10 Tipps zum Mutterschutz und zur Elternzeit

Mutterschutz und Elternzeit gehören zu den großen sozialen Errungenschaften für Frauen. Dank ihnen sind werdende Mütter nicht nur im Beruf arbeitsrechtlich besonders geschützt, sondern auch vor und nach der Geburt eines Kindes weitgehend finanziell abgesichert . Die praktische Umsetzung wirft jedoch immer wieder Fragen auf, sowohl seitens der Arbeitnehmerinnen als auch der Arbeitgeber.

Selbstständige: Informationen zur Elternzeit finden Sie hier.

1. Mitteilungspflichten über bestehende Schwangerschaft

Eine Rechtspflicht zur Mitteilung der Schwangerschaft gegenüber dem Arbeitgeber besteht für die Schwangere zunächst nicht. Nach der gesetzlichen Regelung sollen werdende Mütter dem Arbeitgeber ihre Schwangerschaft und den mutmaßlichen Termin der Entbindung mitteilen, sobald ihnen ihr Zustand bekannt ist (§5 Absatz 1 Mutterschutzgesetz). Allerdings kann sich eine Verpflichtung zur Mitteilung aus der Treuepflicht ergeben, wenn erhebliche berechtigte Interessen des Arbeitgebers betroffen sind. So z. B. wenn Beschäftigungsverbote eingreifen und die Frau eine Schlüsselposition innehat, die eine längere Einarbeitung der Vertretung notwendig macht.

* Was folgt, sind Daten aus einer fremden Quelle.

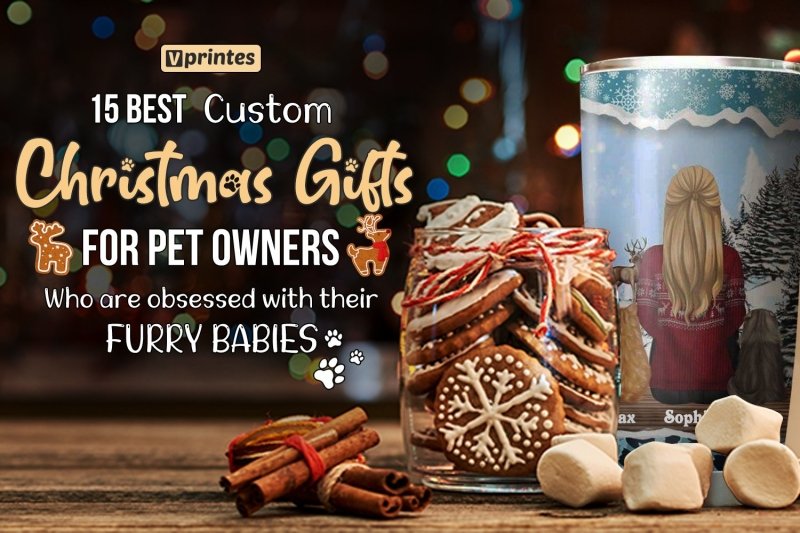 15 Custom Christmas Gifts For Pet Owners Who Are Obsessed With Their Furry Babies | Vprintes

Im Einzelfall können sich aus einer schuldhaft verspäteten oder völligen Unterlassung der Mitteilung Schadensersatzpflichten ergeben.

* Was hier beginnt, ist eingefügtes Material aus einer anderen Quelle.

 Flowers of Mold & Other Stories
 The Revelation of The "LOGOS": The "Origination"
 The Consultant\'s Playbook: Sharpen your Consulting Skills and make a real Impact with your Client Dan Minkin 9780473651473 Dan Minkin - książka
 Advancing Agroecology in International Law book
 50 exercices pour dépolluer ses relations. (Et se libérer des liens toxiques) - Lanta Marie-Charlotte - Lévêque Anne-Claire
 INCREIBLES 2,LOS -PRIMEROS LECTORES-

Ist der Arbeitgeber durch die Schwangere über die bestehende Schwangerschaft informiert worden, so hat er die Aufsichtsbehörde unverzüglich von der Mitteilung der werdenden Mutter zu benachrichtigen. Dritten gegenüber darf er allerdings die Mitteilung der werdenden Mutter nicht unbefugt bekannt geben.

Fazit: Rechtzeitige Mitteilung sichert die eigenen Rechte und kann Schadensersatzpflichten vermeiden.

2. Gesundheitsschutz und Arbeitszeitschutz

Nach der gesetzlichen Regelung im Mutterschutzgesetz (MuSchG) ist der Arbeitgeber zur Abwehr arbeitsbedingter Gefahren für Leben und Gesundheit von Mutter und Kind dazu verpflichtet, den Arbeitsplatz der werdenden Mutter und seine Umgebung einschließlich zu benutzender Einrichtungen (wie z. B. Wasch- und Toilettenräume, Kantine und Zugangswege) mit den Bedürfnissen der schwangeren Frau in Einklang zu  bringen. Dabei steht als Ziel der körpergerechte, von Immissionen möglichst freie Arbeitsplatz und die Anpassung der Tätigkeit nach Art, Lage, Tempo und Dauer. Vor diesem Hintergrund muss der Arbeitgeber ggf. Vorkehrungen zu veränderten Arbeitszeiten einschließlich der Pausen, geringere Zuteilung von Arbeit, Schutzkleidung treffen, die sich nach den individuellen Verhältnissen der Frau und dem Stadium der Schwangerschaft.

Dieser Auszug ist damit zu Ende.